According to a new study, daily dose of iron during pregnancy can reduce the risk of having an underweight baby.
About 32 million pregnant women in the world suffer from anemia because of low iron levels and this deficiency is mostly seen in women of low or middle income countries.
Experts from the U.S. and the U.K. analyzed data of nearly 2 million pregnant women for the study. These women were part of some 90 studies that looked into the intake of iron during pregnancy and the baby’s health. Studies were of both randomized trial and cohort types. The study found that taking iron supplements (up to 66 mg per day) decreased the risk of anemia by 12 percent and that of having an underweight baby by 3 percent.
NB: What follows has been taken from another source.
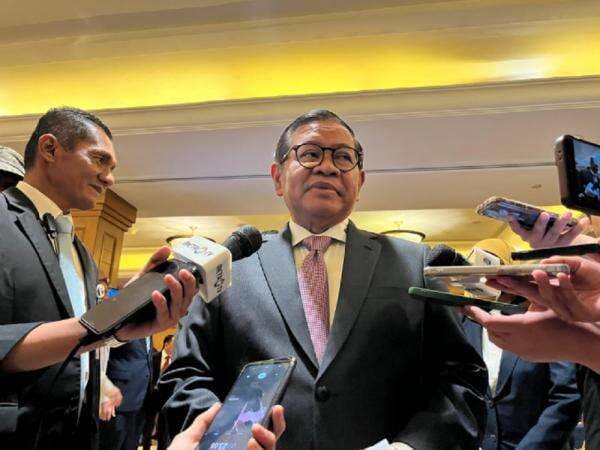 Viral Sampah Menggunung di Tanggul Laut Muara Baru, Pramono: Kita Bersihkan! Viral Sampah Menggunung di Tanggul Laut Muara Baru, Pramono: Kita Bersihkan!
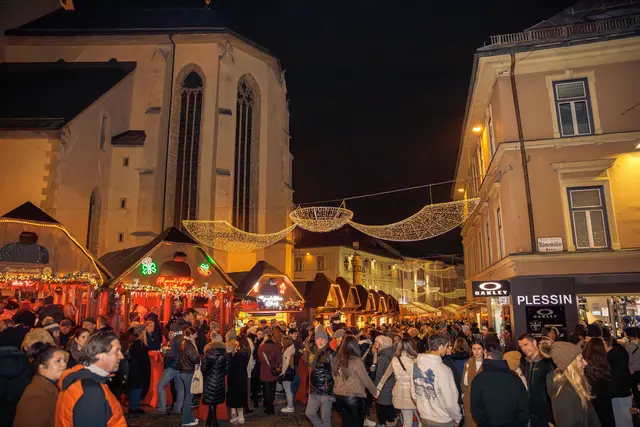 Ab kommenden Freitag wird der Hauptplatz wieder vom Adventzauber eingenommen und Groß und Klein können schmökern und genießen. | Foto: Olga Bereslavskaya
The World Health Organization recommends that anemic women take 60 mg of iron supplements per day.
Results of the study revealed that iron supplements increased the average hemoglobin levels and significantly reduced risk of anemia in children.
“Our findings suggest that use of iron in women during pregnancy may be used as a preventive strategy to improve maternal hematological status and birth weight,” the authors said. They have now called for a “rigorous evaluation of the effectiveness of existing antenatal care programs in high burden countries to identify gaps in policy and program implementation.”
Women in the United States or the United Kingdom presently aren’t given any iron supplements unless they are diagnosed with anemia. Pregnant women must consult their gynecologist before using any dietary supplements.
The study is published in the journal BMJ.